Synchronous Data Transmission and Sea Water Power Return Cable System

Steve Meehan

Abstract:

A wide range of modern in-water scientific systems requires data transport over optical fiber and power over copper conductors. These systems often utilize building blocks from the Telecommunications industry. As a standardized approach, a data backbone using Synchronous Transfer Mode (STM) has been utilized for a wide range of applications. The transfer of data from the digitized sensor input to the synchronous backbone is by means of the Asynchronous Transfer Mode (ATM). Power for these systems is over a standard elecommunications single conductor cable requiring a return over a seawater path. Experience with this combination of technologies has lead to an increased level of understanding in the interactions between the data, power and sensor elements. Switching rates in the conversion of analog sensor outputs to digital are usually synchronized to the STM frame rate eliminating noise at the sampling rate.
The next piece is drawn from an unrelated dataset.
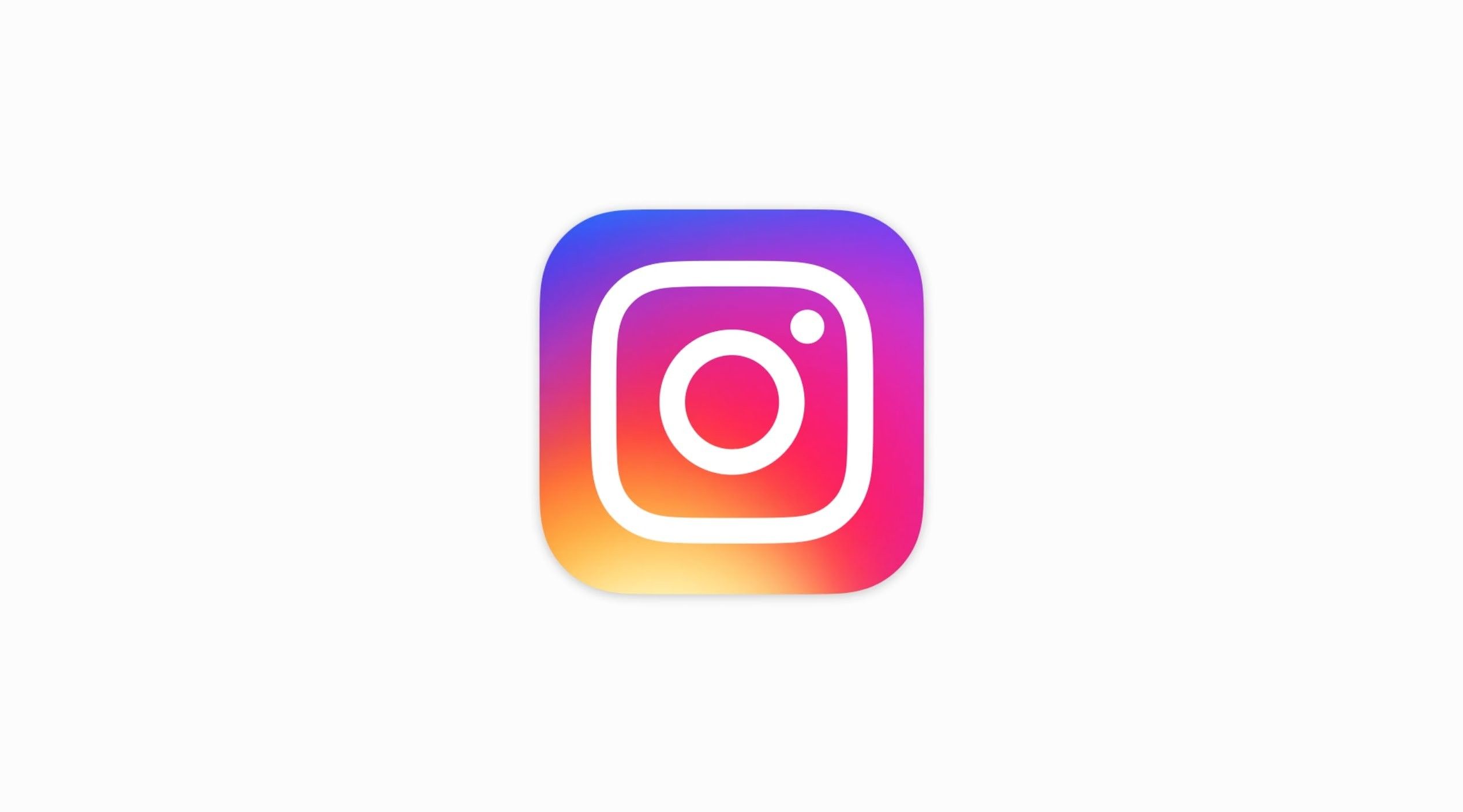 Instagram начал менять интерфейс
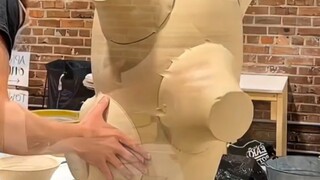 Ekspresi bebas dalam seni keramik: Melepaskan diri dari ikatan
However, the ATM cell loading rates present in the seawater return path create harmonic and intermodulation products that appear back at the analog input. These conditions contaminate the data and need to be minimized in the design of the sensor and power elements. Examples of these conditions are presented along with approaches to their substantial reduction.
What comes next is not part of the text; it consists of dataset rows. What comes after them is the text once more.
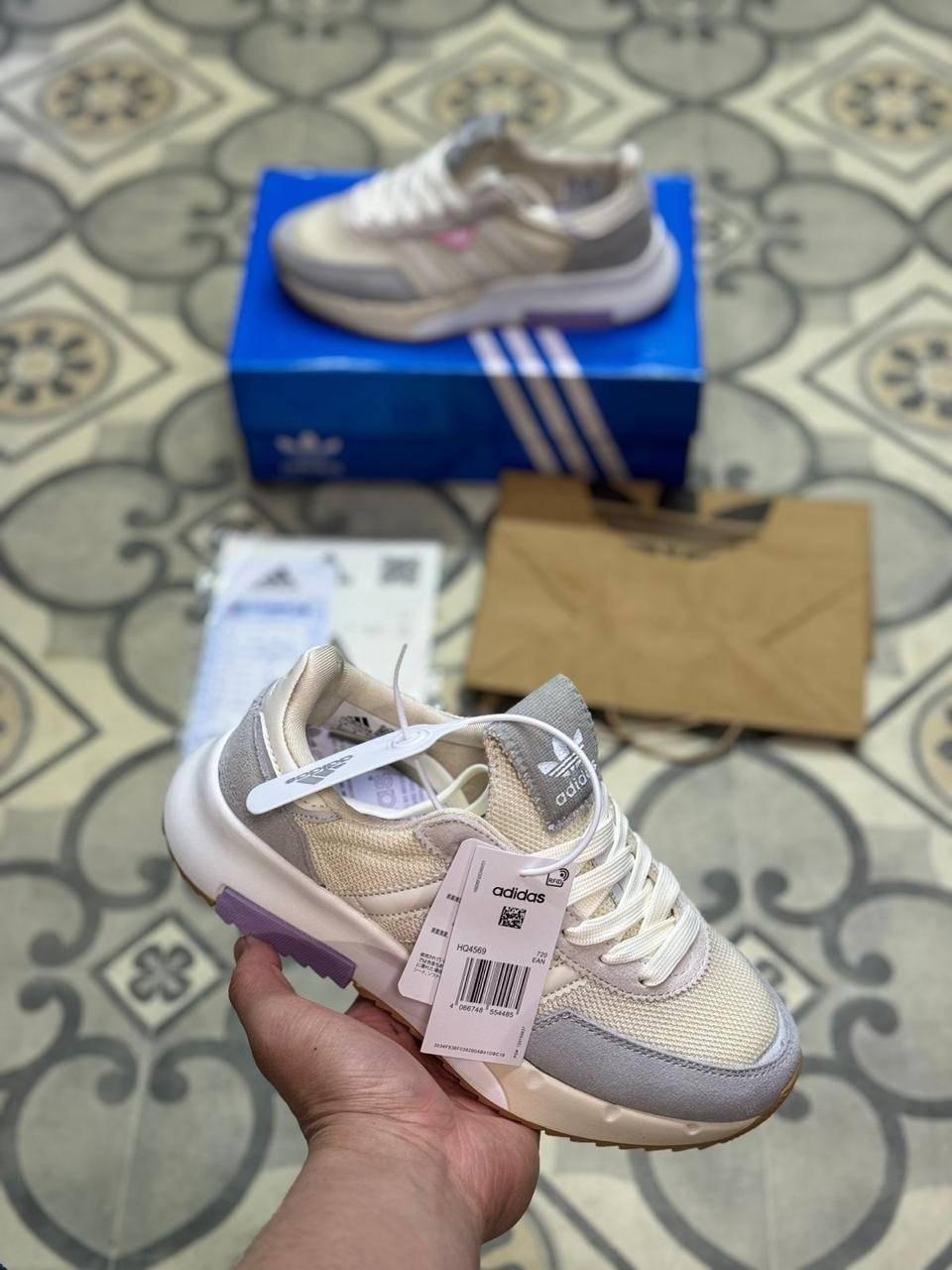 кроссовки женские adidas,кроссовки adidas,кроссовки adidas retropy e 5,кроссовки adidas retropy,кроссовки adidas retropy e5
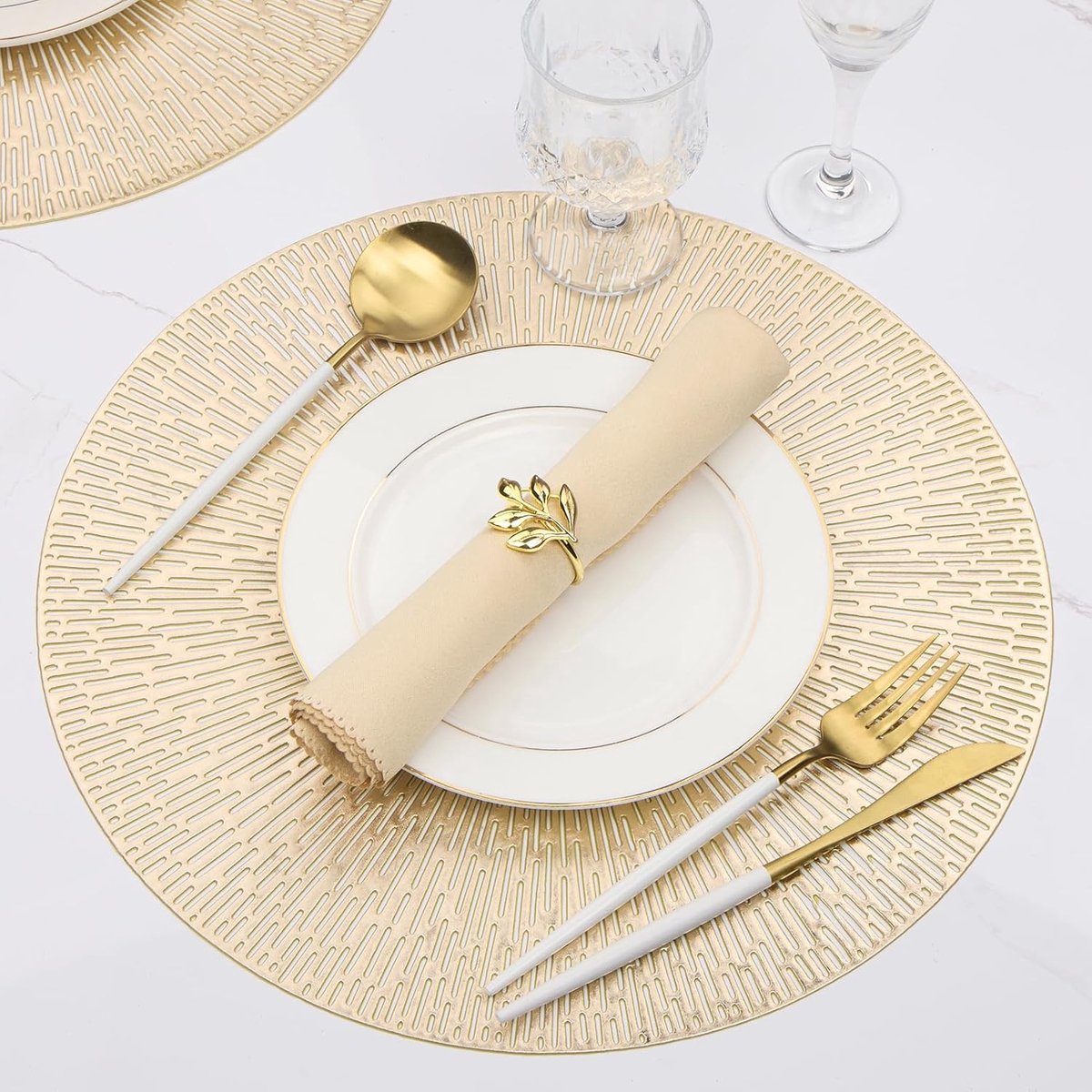 Set of 6 round placemats - Gold Placemats - 38x38cm - coasters - Openwork - Heat resistant - Luxurious appearance - Washable - Easy to clean - for kitchen and dining table decoration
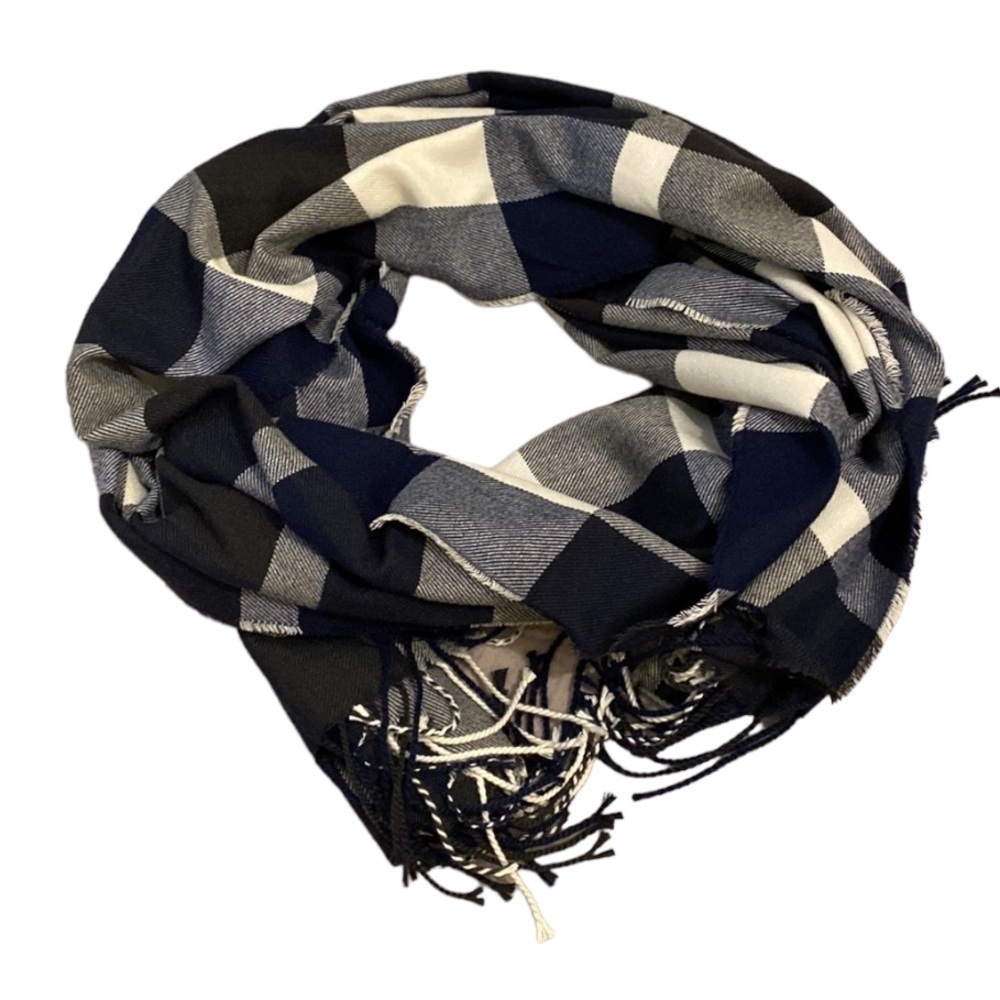 Plush scarf . Very good condition. 26”70”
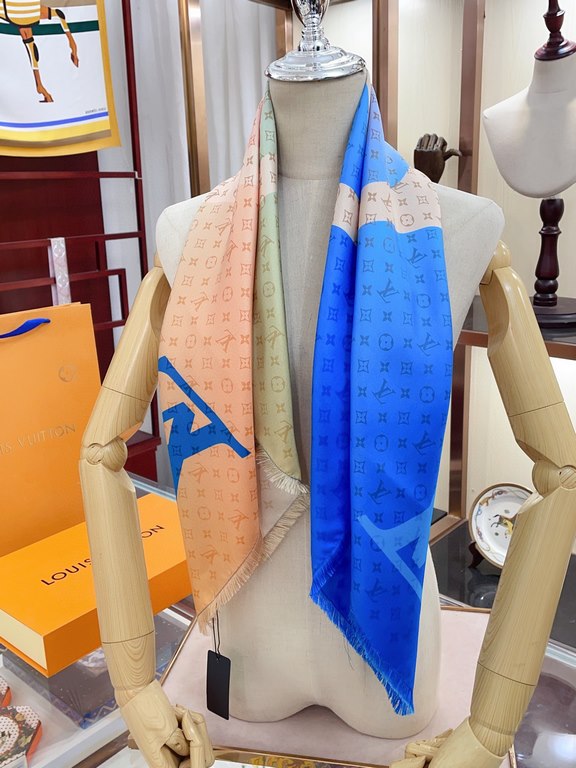 New models on   genuinely awesome   donkey home new [L gradient pattern 90] silk square scarf, convergence of Louis Vuitton elements Monogram LV letters, gradient color with silk fabrics gorgeous texture, and ready-to-we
The Data Transmission System for the Real-time Seafloor Monitoring Cable Network

Minoru Yoshida and Yoshiharu Hirayama

Abstract:

The ARENA (Advanced Real-Time Earth monitoring Network in the Area) project has been proposed by Japan Marine Science & Technology Center (JAMSTEC). The data transmission system for seafloor monitoring cable network has been discussed in the transmission sub-workgroup of ARENA project. This presentation is on behalf of this workgroup. In the ARENA project, the total length of cable is more than 1000km, and observation nodes are set at about 50km intervals, with various sensors installed in these nodes. The objective is to construct the data transmission system from the sensors in the seafloor to the landing stations.Various conditions should be considered such as transmission range, time accuracy, extendibility,cost, affinity with IP, power consumption. In the ARENA project, the total amount of data transmitted from the observation apparatus installed on the seafloor is estimated to be about 2Gbit/s. Most of them are due to high-definition television (HDTV) signals, while the total amount of the data from other sensors is only about 4.5Mbit/s. The data transmission system should be flexible so it can handle these data with various bit rates. As this cable network system is based on Internet Protocol (IP), the time synchronization method is Network Time Protocol (NTP). However, the time accuracy of NTP is about 10 milliseconds.Some sensors need the time accuracy of 1 microsecond, therefore, an exclusive line for the time synchronization signal should be also prepared to provide the accurate signal. This signal is based on the PPS signal, which is synchronized by the GPS. Users can select those time synchronization signal as required for each sensor.
In order to transmit such a large amount of data, it is planed to use an optical cable. Optical cables will be used for the science layer to transmit the observed data, while a backbone layer will be used to transmit the data between a landing station and data server for the reduction of cost. Moreover, this system must have redundancy for data transmission and extendibility so it can be extend with new observing point easily. The ring network architecture is adopted to solve these problems. Any observation node on the network can be accessed from two landing stations, and the two routes are secured for robustness and redundancy. This method makes also possible to extend the network easily. Moreover, data format and sensor interface are also important in the system. In order to realize an open and scalable system, suitable ones should be adopted, which can easily extend the system.